*ASSIGNMENT*
Return nothing but the lines from the one with "J Crew Women's" through the one with "4M X 3M Curved Roof Log Cabin - 44Mm" in the data below, word for word and without pictures.

*MATERIAL PROVIDED*
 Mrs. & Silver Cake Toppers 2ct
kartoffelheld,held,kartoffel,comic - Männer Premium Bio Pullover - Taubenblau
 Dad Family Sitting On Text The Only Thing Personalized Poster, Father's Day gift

* * *

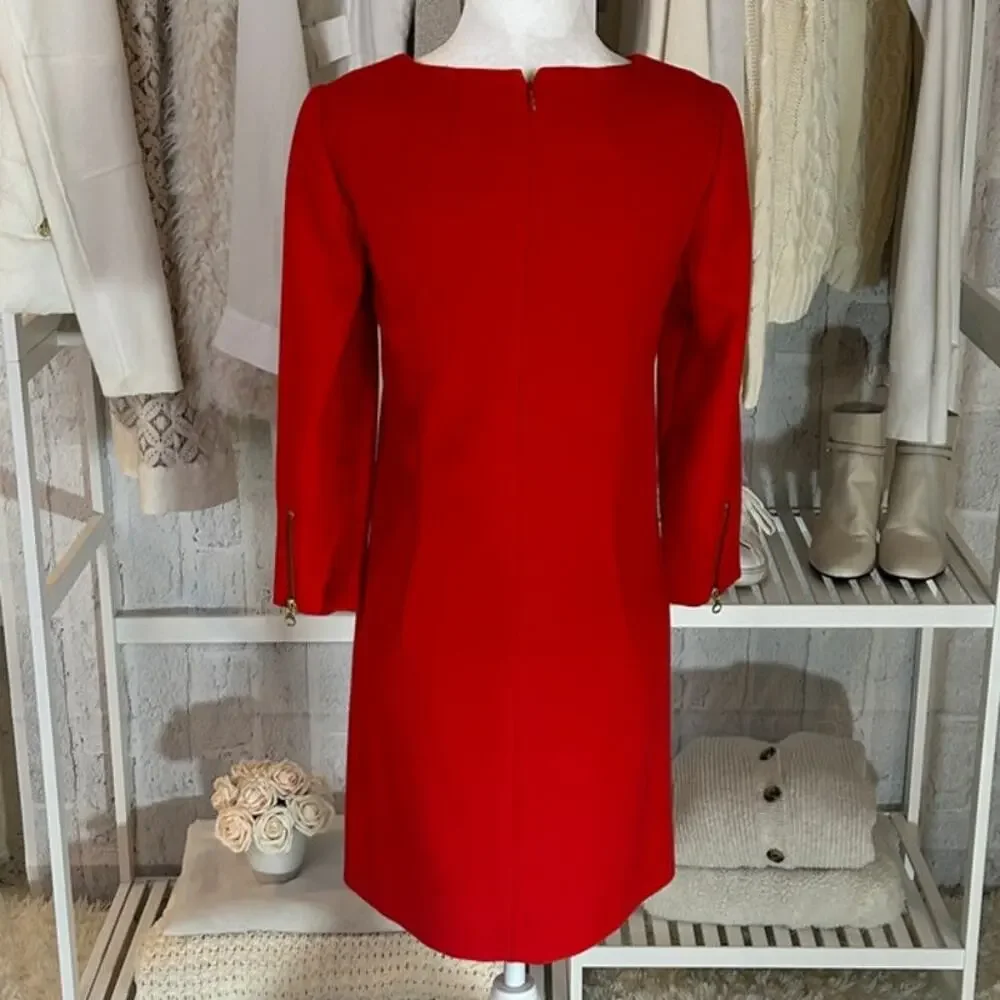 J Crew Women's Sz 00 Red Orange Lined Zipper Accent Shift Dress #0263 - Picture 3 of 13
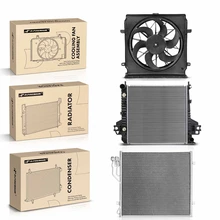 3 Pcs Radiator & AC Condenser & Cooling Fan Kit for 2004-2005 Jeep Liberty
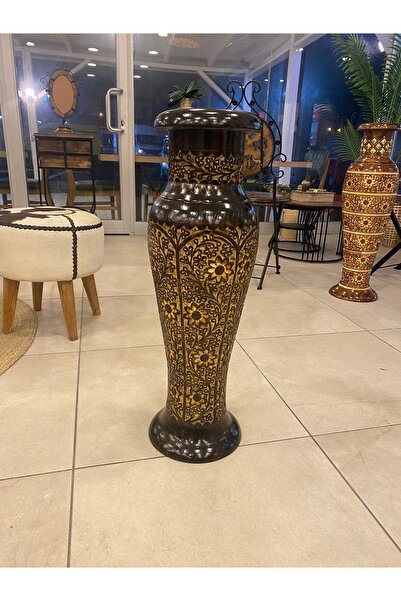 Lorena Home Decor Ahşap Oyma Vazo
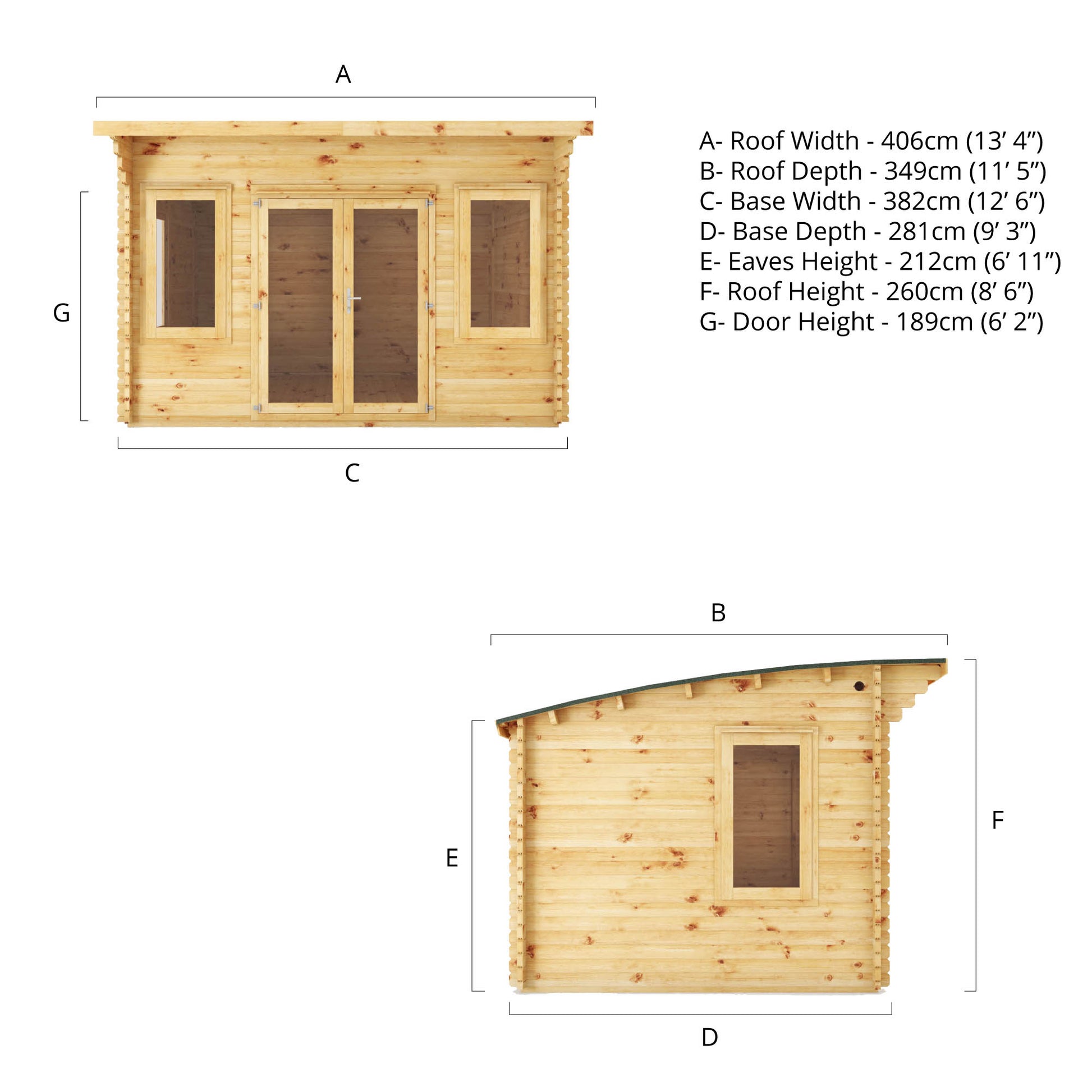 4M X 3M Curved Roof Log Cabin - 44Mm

---

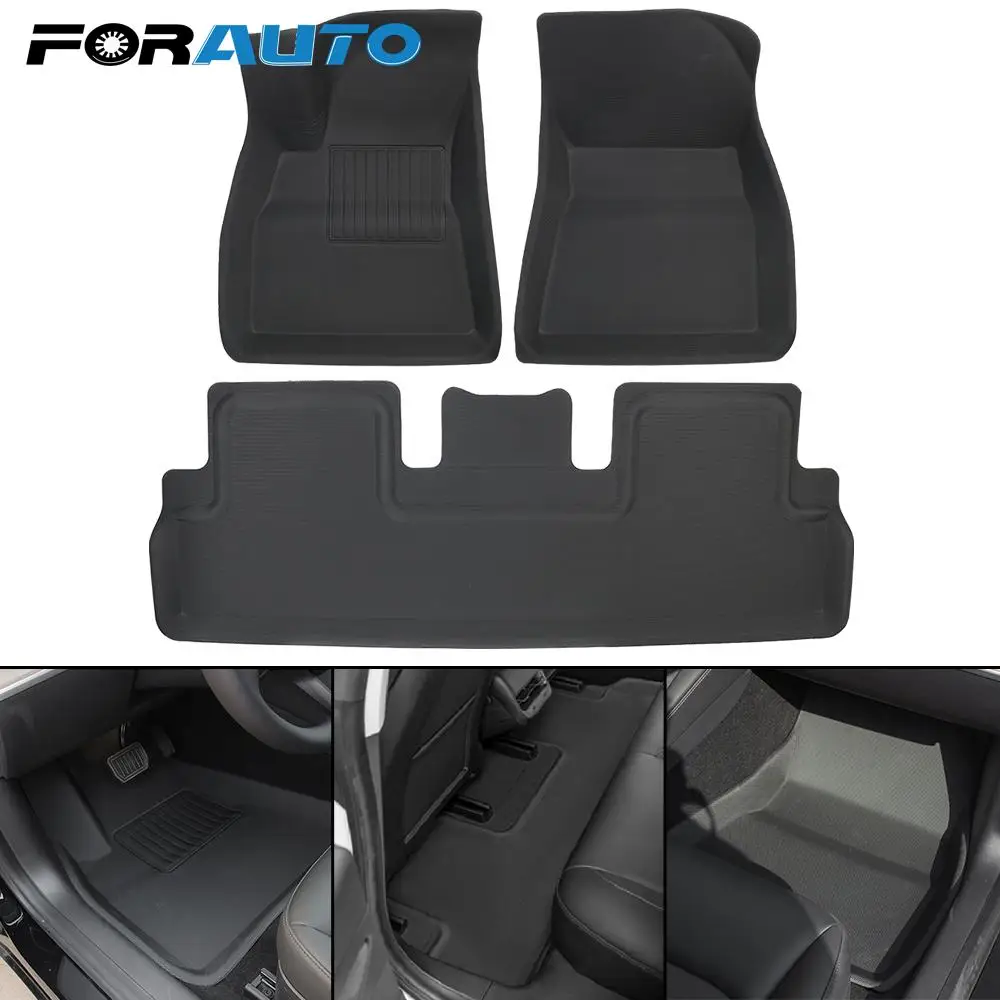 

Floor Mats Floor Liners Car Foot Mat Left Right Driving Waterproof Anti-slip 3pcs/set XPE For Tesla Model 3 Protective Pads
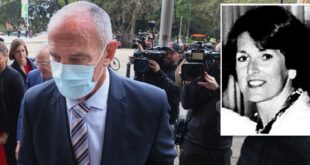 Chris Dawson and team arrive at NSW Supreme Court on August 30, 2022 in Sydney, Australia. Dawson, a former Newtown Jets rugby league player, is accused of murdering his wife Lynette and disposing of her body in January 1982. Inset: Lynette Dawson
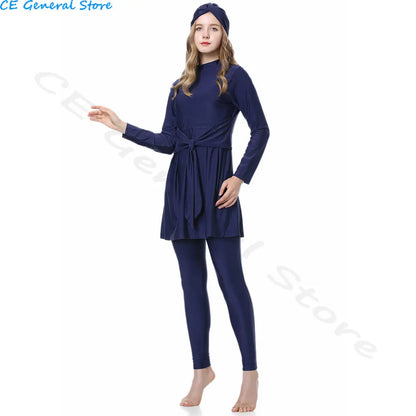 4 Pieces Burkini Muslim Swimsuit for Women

*REPLY TO THE TASK*
 J Crew Women's Sz 00 Red Orange Lined Zipper Accent Shift Dress #0263 - Picture 3 of 13
 3 Pcs Radiator & AC Condenser & Cooling Fan Kit for 2004-2005 Jeep Liberty
 Lorena Home Decor Ahşap Oyma Vazo
 4M X 3M Curved Roof Log Cabin - 44Mm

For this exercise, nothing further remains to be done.